#### [Exercise goal]
Could you retype, exactly and with no pictures, only the lines from the first line of the records below through the line that contains "बिटमाइन सबसे अधिक"?

──────────

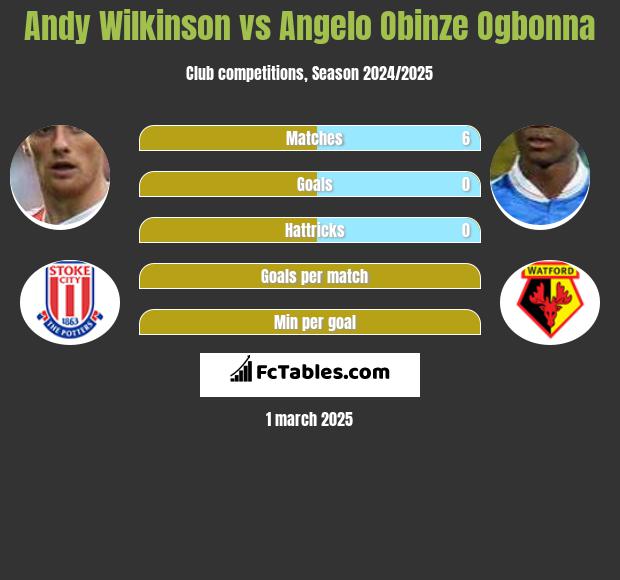 Andy Wilkinson vs Angelo Obinze Ogbonna h2h player stats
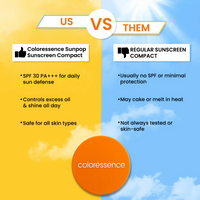 COLORESSENCE SUNPOP SUNSCREEN COMPACT SPF 30 PA +++ MATTE FINISH 10G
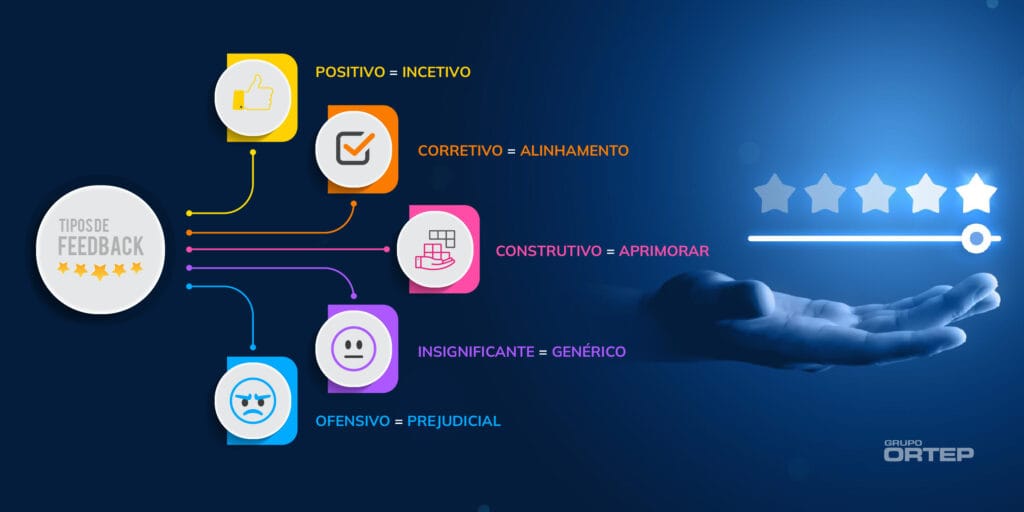 Tipos de feedback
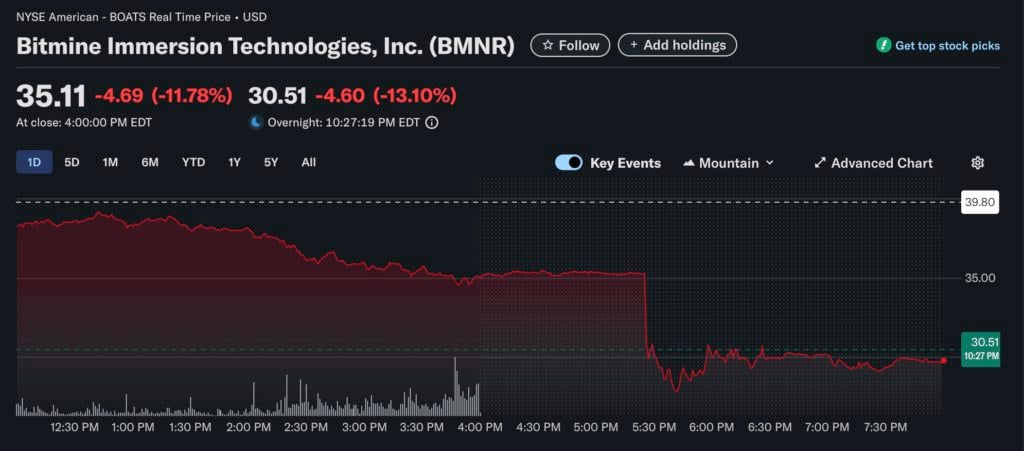 बिटमाइन सबसे अधिक ETH रखता है लेकिन है सबसे खराब? हाथ में 560,000 एथेरियम के साथ, स्टॉक की 80% कीमत एक महीने से भी कम समय में गायब हो गई है"><figcaption id="caption-attachment-432597" class="kmkert">पिछले 24 घंटों में बिटमाइन का रुझान</figcaption></figure><figure id="attachment_432601" aria-describeby=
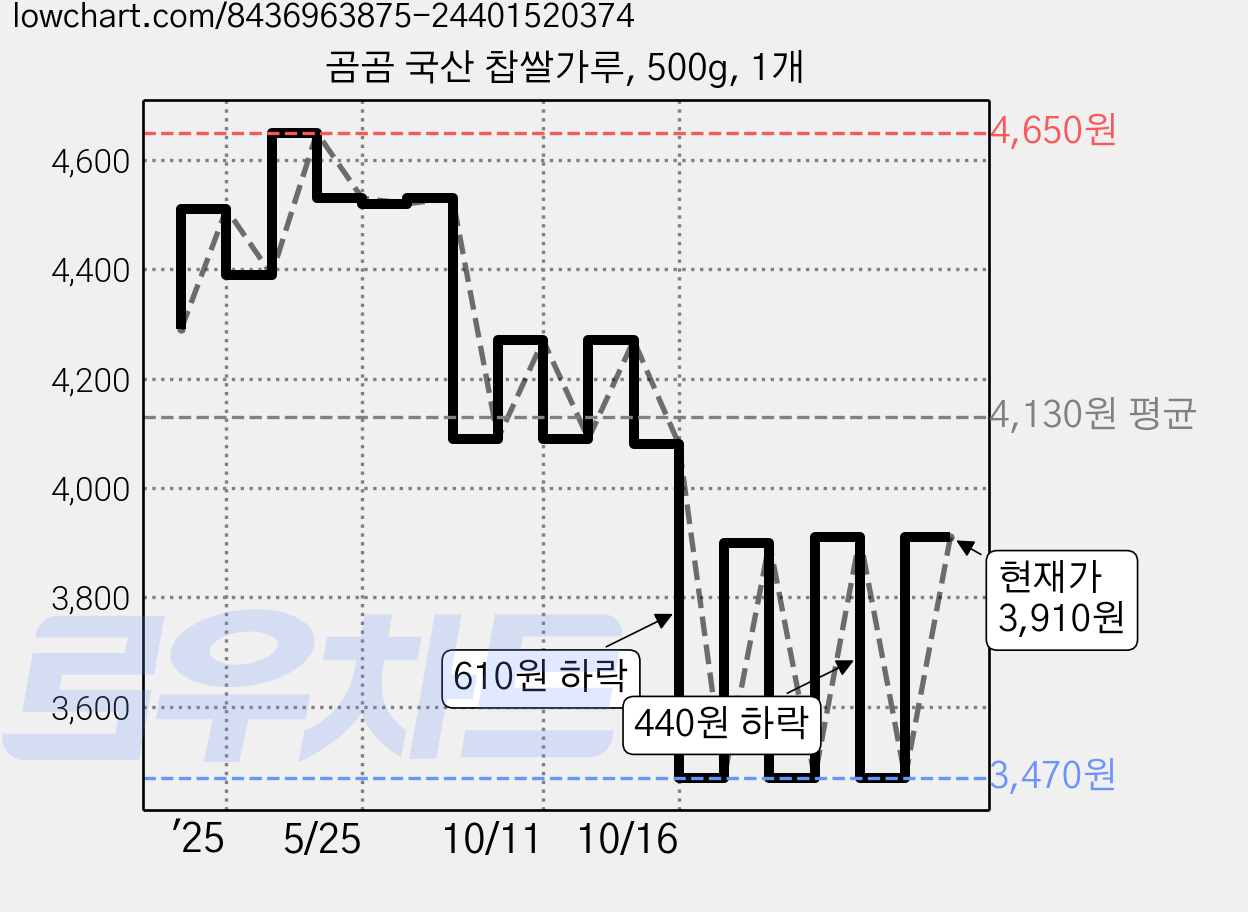 곰곰 국산 찹쌀가루, 500g, 1개 가격 변동 차트, 현재가 3,910원, 관측 최저가 3,470원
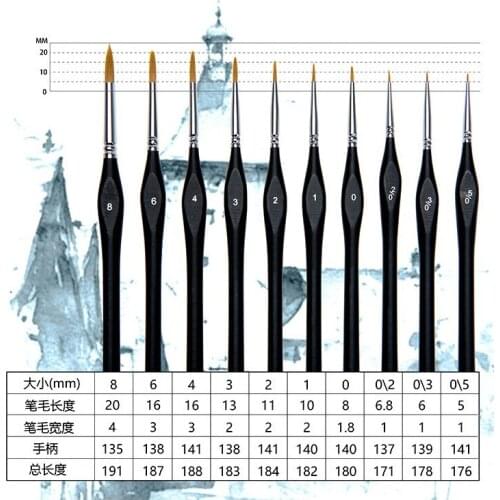 15Pcs Numbers Oil Paint Pen Brushes Set Nylon Painting Brush Long Oil Acrylic Brush Watercolor Pen N7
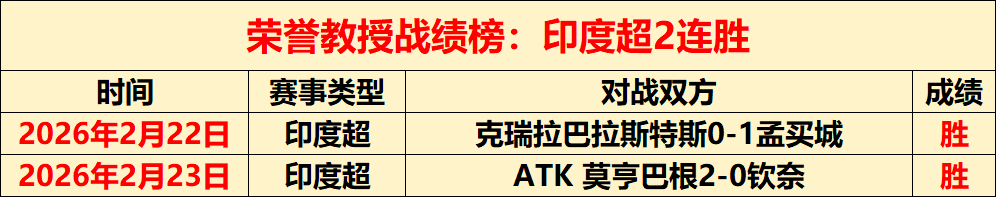 普利希奇欧,洲足球梦想,启航,B体育,B,SPORTS,B体育网址,B体育app,B体育官网,B体育集团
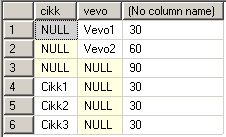 SQL 2008 Grouping Set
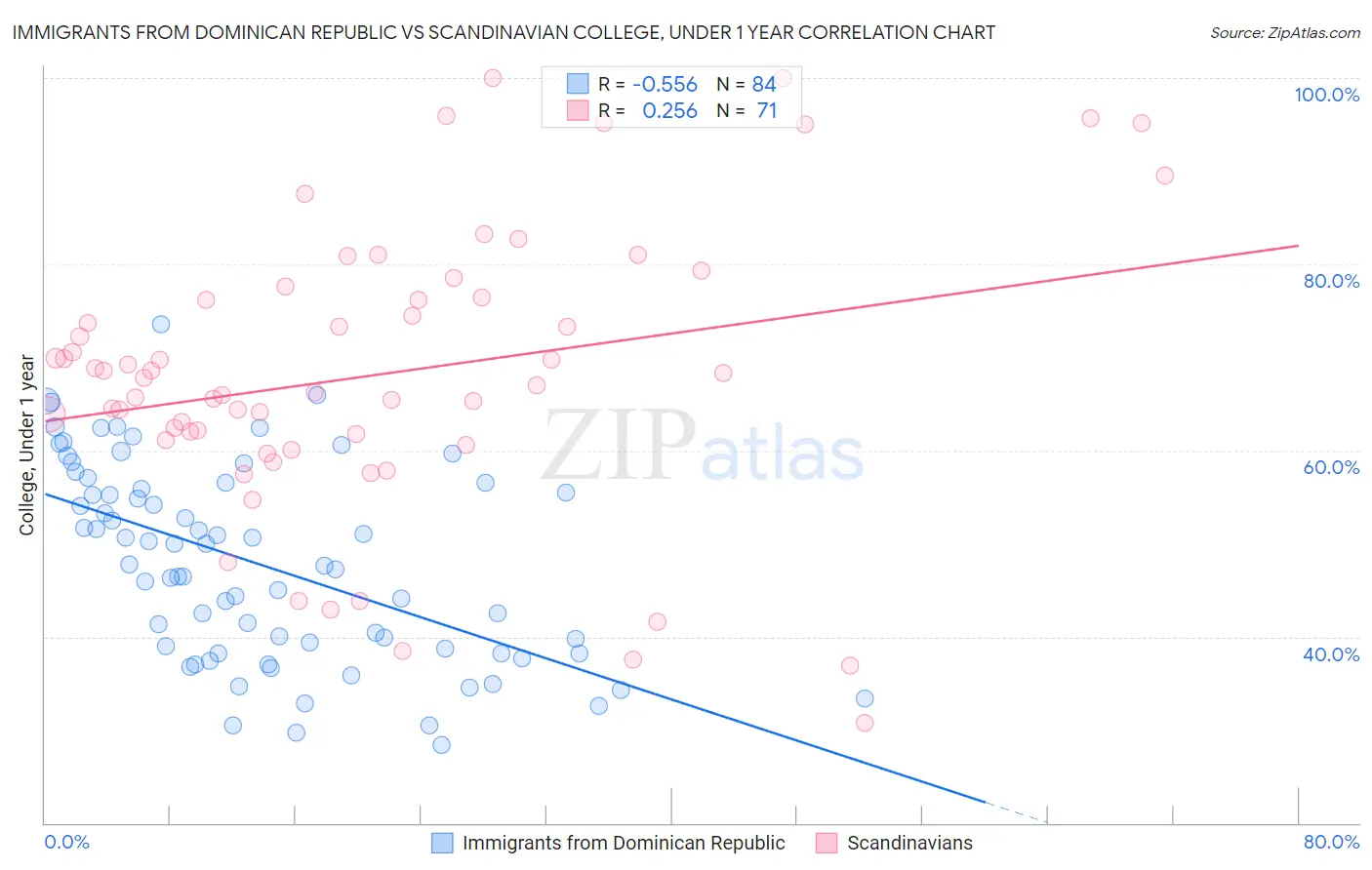 Immigrants from Dominican Republic vs Scandinavian College, Under 1 year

──────────

#### [Solution]
 Andy Wilkinson vs Angelo Obinze Ogbonna h2h player stats
 COLORESSENCE SUNPOP SUNSCREEN COMPACT SPF 30 PA +++ MATTE FINISH 10G
 Tipos de feedback
 बिटमाइन सबसे अधिक ETH रखता है लेकिन है सबसे खराब? हाथ में 560,000 एथेरियम के साथ, स्टॉक की 80% कीमत एक महीने से भी कम समय में गायब हो गई है"><figcaption id="caption-attachment-432597" class="kmkert">पिछले 24 घंटों में बिटमाइन का रुझान</figcaption></figure><figure id="attachment_432601" aria-describeby=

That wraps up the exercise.